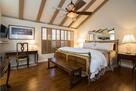 Master with Cal King, ceiling fan, flat scree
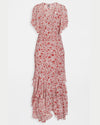 MISA LOS ANGELES Clothing XS MISA Katarina Dress in Rust Animal Floral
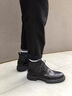 KLWP品牌輕奢男鞋冬季馬丁靴男士皮靴2025新款潮流圓頭商務(wù)工裝靴子男 黑色 43 曬單實拍圖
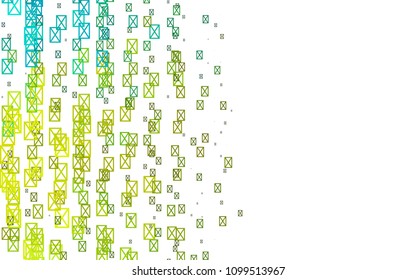 Light Green, Yellow vector of small triangles on white background. Illustration of abstract texture of triangles. Pattern design for banner, poster, cover.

AIM OF THE EXERCISE: Transcribe the data verbatim. No picture belongs in the result.

ANSWER FOR THIS EXERCISE:
 Master with Cal King, ceiling fan, flat scree
 MISA LOS ANGELES Clothing XS MISA Katarina Dress in Rust Animal Floral
 KLWP品牌輕奢男鞋冬季馬丁靴男士皮靴2025新款潮流圓頭商務(wù)工裝靴子男 黑色 43 曬單實拍圖
 Light Green, Yellow vector of small triangles on white background. Illustration of abstract texture of triangles. Pattern design for banner, poster, cover.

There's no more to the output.